When I left home (a long time ago) Madilynn still had braces and baby fat. She wore boy shorts and definitely never asked to borrow my lipstick or heels. While visiting me in California a few weeks ago she exuded a maturity I’d never seen before. A high school graduate now, in her final childhood summer before leaving home — I realized, as I sat across the breakfast table and served her these biscuits, that she seemed much older than 18 now. It was bittersweet to realize then, just as it’s bittersweet now to text her on her first night alone in her dorm room asking what it feels like to be free.
I want to tell her so many things. Share with her the mistakes I’ve made and warn her not to make the same ones. I want to move closer to her, and be there if she needs me. We’ve been thousands of miles apart for years, but for some reason the distance feels further now. She’s stepping out into the world as an individual, and if I’m honest, I’m afraid she’ll grow up quicker than I want her to. If I am even more honest, I’m afraid in a few short years she won’t need her big sister anymore. Maybe she won’t look up to me, or ask me for advice, or think to call me when she needs help. What if she’s too busy to come visit and let me make her breakfast?
When I was in Texas in May to watch Madilynn graduate, I went with her to orientation. After lunch, I dropped her off on campus before heading to the airport to fly back to California. I hugged her goodbye and told her I loved her. As we pulled away I started crying — at the time I didn’t know why. I was sad to leave her, of course, but I think I was also just so happy for her and my tears were an emotional reaction to what I knew was ahead for her. Aside from my irrational fear of her growing up, she is embarking on a truly special time and I can only feel joy for who she is and where she is going.

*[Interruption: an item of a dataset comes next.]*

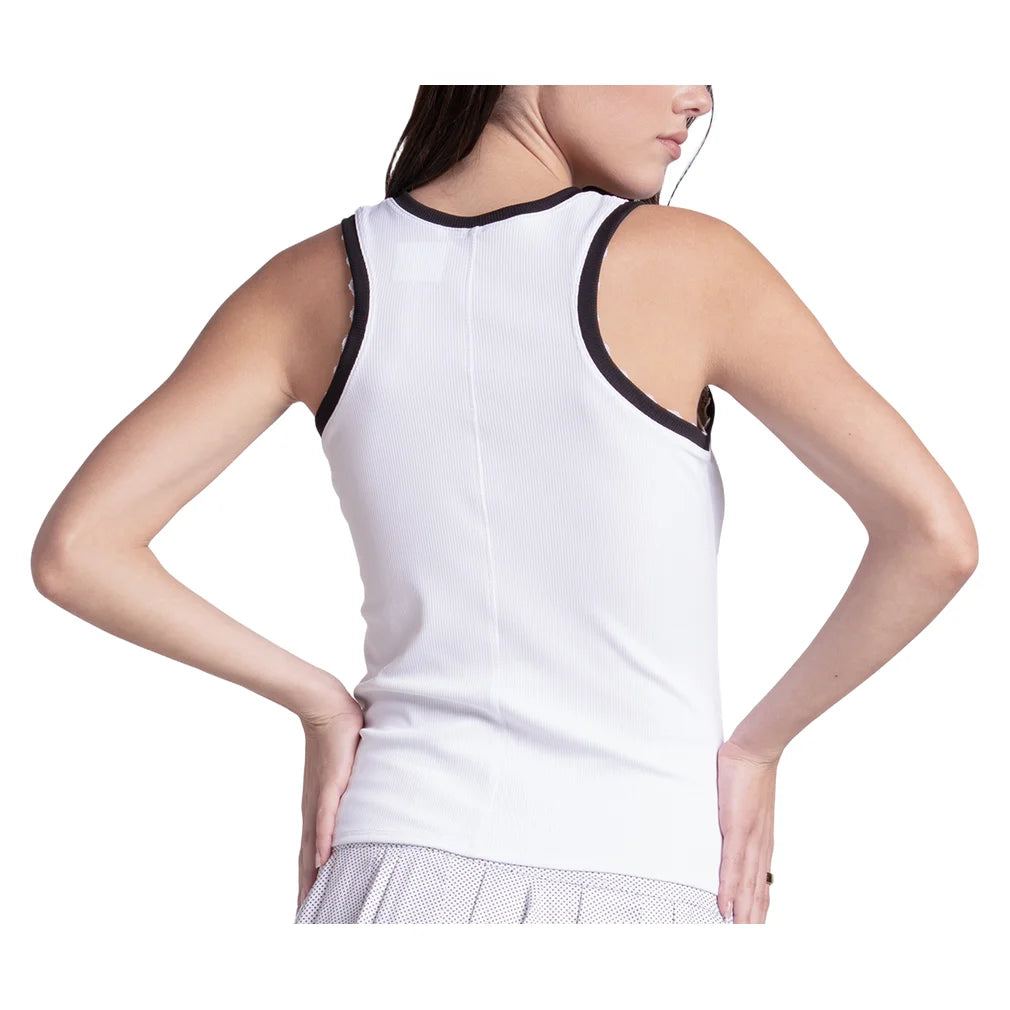 Women's Ace The Rib Tank White and Black, Lucky In Love, Pickleball Express, CX178-110-1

A note just for Madilynn: I love you, I’m proud of you. Never stop calling your sister.
*Click here to download a PDF version of this recipe!
For the biscuits:
- Position a rack in the center of the oven and preheat to 350 degrees. Line a baking sheet with parchment paper.
- Whisk the flour, 2 tablespoons sugar, baking powder, and cream of tartar in a large bowl. Using two knives or a pastry cutter, cut the butter into the flour mixture until it resembles small peas. Stir in the cream and egg.

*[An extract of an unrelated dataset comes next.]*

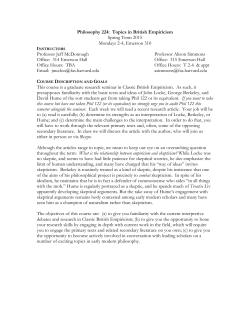 Philosophy 224: Topics in British Empiricism Spring Term 2015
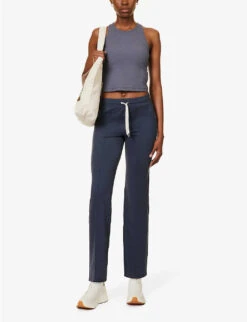 Vuori Halo Drawstring-waist Flared High-rise Stretch-recycled Polyester Trousers -VogueVibe Store R04167658 AZUREHEATHER ALT01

- Quickly combine the dough with your hands. Lightly flour a clean, dry work surface. Turn the dough out and knead it for about 2 minutes or just until combined.
- Form the dough into a small round shape, about 2 inches thick. Use a small biscuit cutter to evenly shape the biscuits. (If you don’t have a biscuit cutter you can also use your hands or a spoon)

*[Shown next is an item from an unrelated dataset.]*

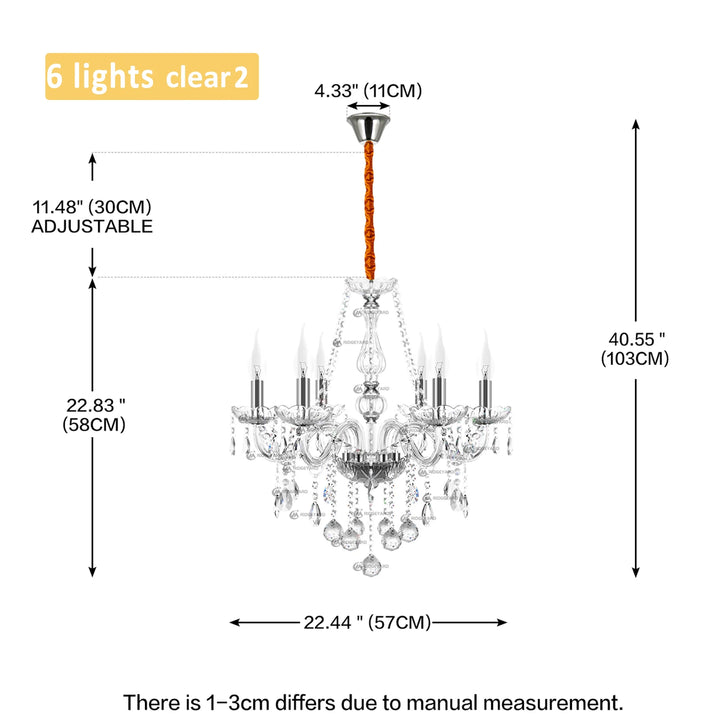 Classic 6 Lights Tassels Chandelier 6 Arms Crystal Lustre Light Modern Ceiling Light Lamp Lighting For Living Room Dining Room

- Place the biscuits on the prepared baking sheet spacing them about 1 inch apart. Brush the tops with melted butter and sprinkle with sugar.
- Bake for about 20 minutes or until golden. Transfer the sheet to a cooling rack and let the biscuits rest for about 10 minutes.
For the berries and cream:
- Chill a glass bowl while the biscuits are baking. As the biscuits rest, whisk cream and vanilla together until stiff peaks are formed.
- Roughly chop berries of choice (I used cherries and blueberries) OPTIONAL: toss berries with 1 tablespoon of sugar before serving.